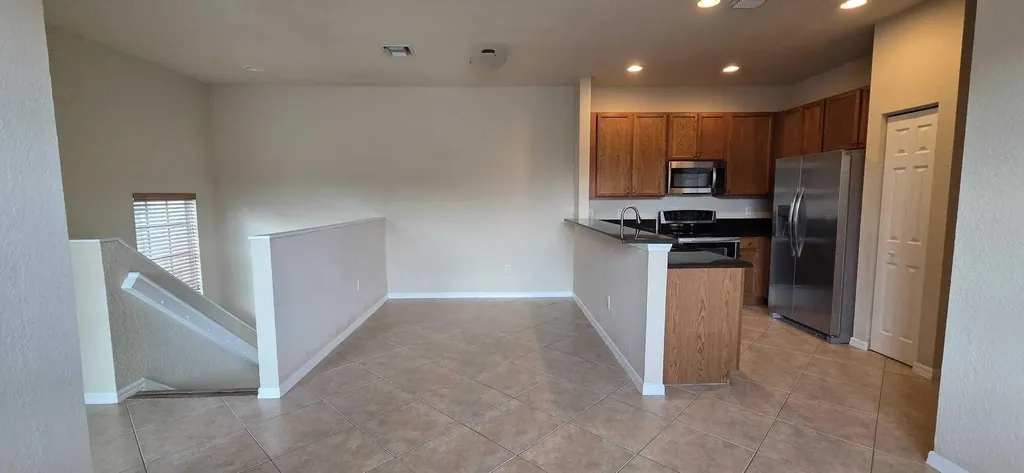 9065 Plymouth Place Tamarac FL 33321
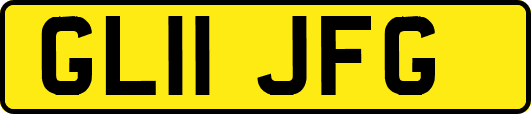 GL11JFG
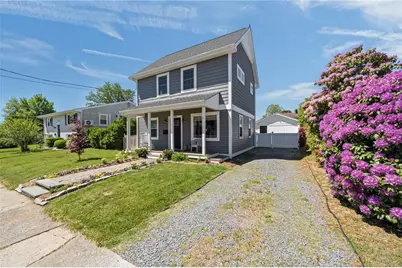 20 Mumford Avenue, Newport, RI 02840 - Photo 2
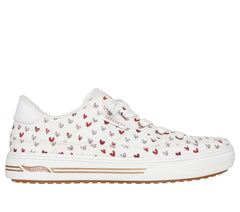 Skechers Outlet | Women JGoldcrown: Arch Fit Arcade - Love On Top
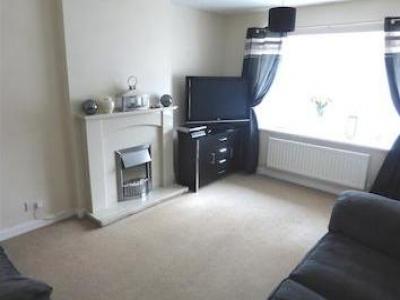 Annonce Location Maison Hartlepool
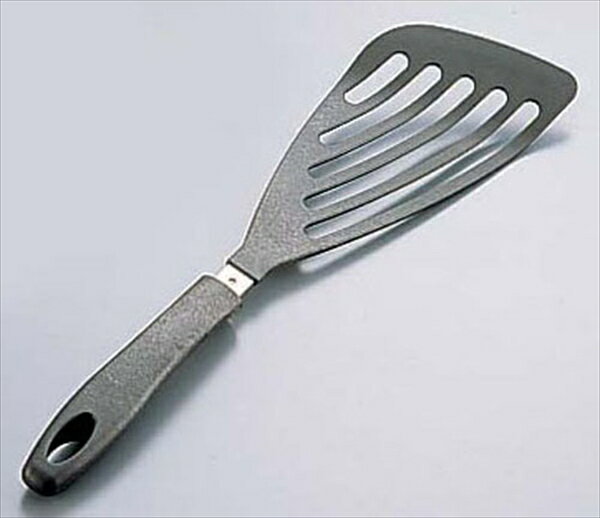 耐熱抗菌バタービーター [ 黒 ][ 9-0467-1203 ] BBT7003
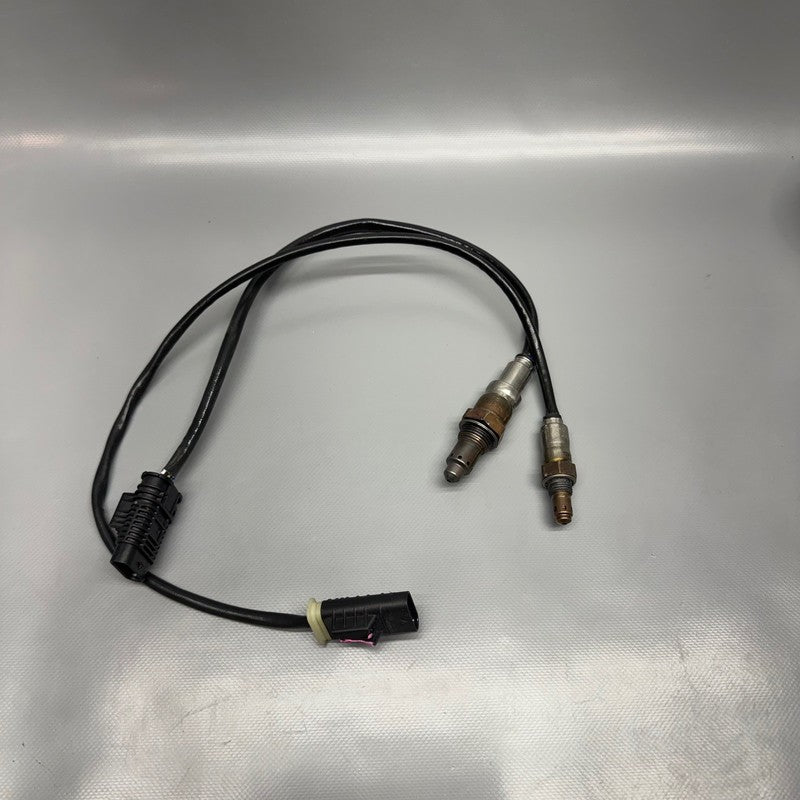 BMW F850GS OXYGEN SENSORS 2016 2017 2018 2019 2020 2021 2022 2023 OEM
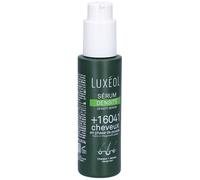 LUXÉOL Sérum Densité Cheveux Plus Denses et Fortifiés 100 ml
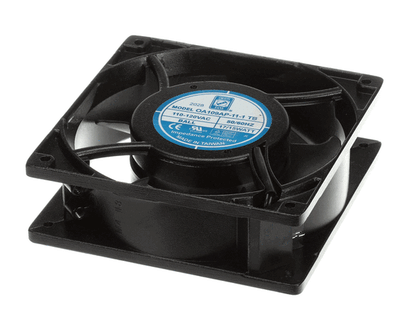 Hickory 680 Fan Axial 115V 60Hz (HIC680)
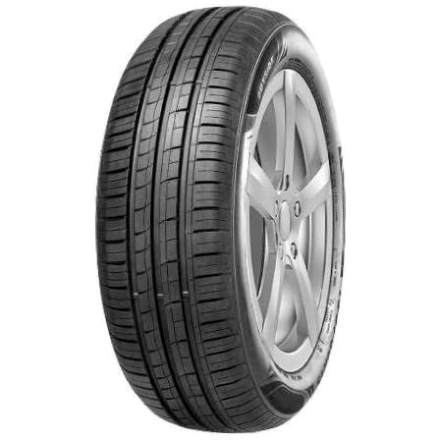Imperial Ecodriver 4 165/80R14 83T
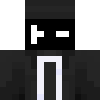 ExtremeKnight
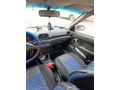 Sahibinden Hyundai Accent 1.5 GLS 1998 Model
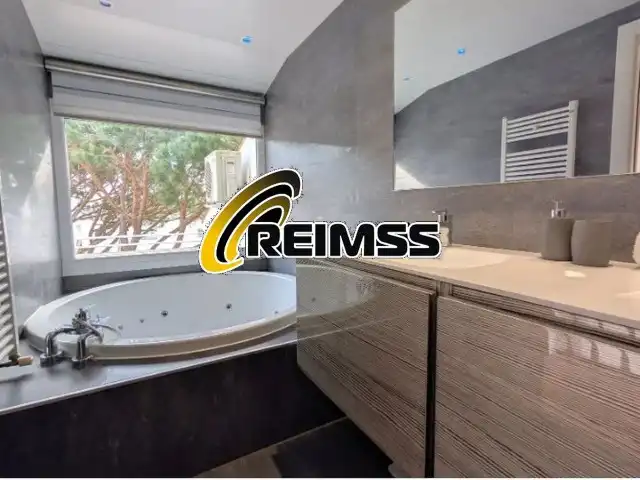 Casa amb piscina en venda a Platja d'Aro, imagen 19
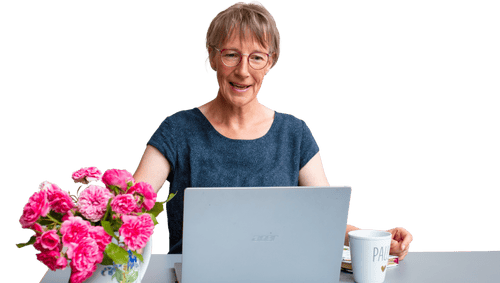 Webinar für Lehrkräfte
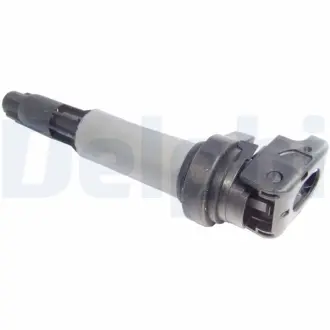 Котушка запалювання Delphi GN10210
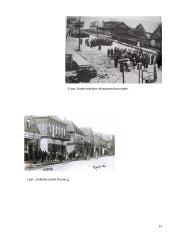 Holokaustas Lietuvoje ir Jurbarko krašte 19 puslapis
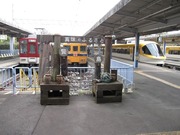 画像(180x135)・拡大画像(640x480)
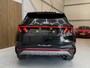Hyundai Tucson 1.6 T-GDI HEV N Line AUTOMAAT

▶ PROBLEM REQUIREMENTS
Print every line of the listing exactly, please, and leave the images out.

▶ TASK RESPONSE
 9065 Plymouth Place Tamarac FL 33321
 GL11JFG
 20 Mumford Avenue, Newport, RI 02840 - Photo 2
 Skechers Outlet | Women JGoldcrown: Arch Fit Arcade - Love On Top
 Annonce Location Maison Hartlepool
 耐熱抗菌バタービーター [ 黒 ][ 9-0467-1203 ] BBT7003
 BMW F850GS OXYGEN SENSORS 2016 2017 2018 2019 2020 2021 2022 2023 OEM
 LUXÉOL Sérum Densité Cheveux Plus Denses et Fortifiés 100 ml
 Hickory 680 Fan Axial 115V 60Hz (HIC680)
Imperial Ecodriver 4 165/80R14 83T
 ExtremeKnight
 Sahibinden Hyundai Accent 1.5 GLS 1998 Model
 Casa amb piscina en venda a Platja d'Aro, imagen 19
 Webinar für Lehrkräfte
 Котушка запалювання Delphi GN10210
 Holokaustas Lietuvoje ir Jurbarko krašte 19 puslapis
 画像(180x135)・拡大画像(640x480)
Hyundai Tucson 1.6 T-GDI HEV N Line AUTOMAAT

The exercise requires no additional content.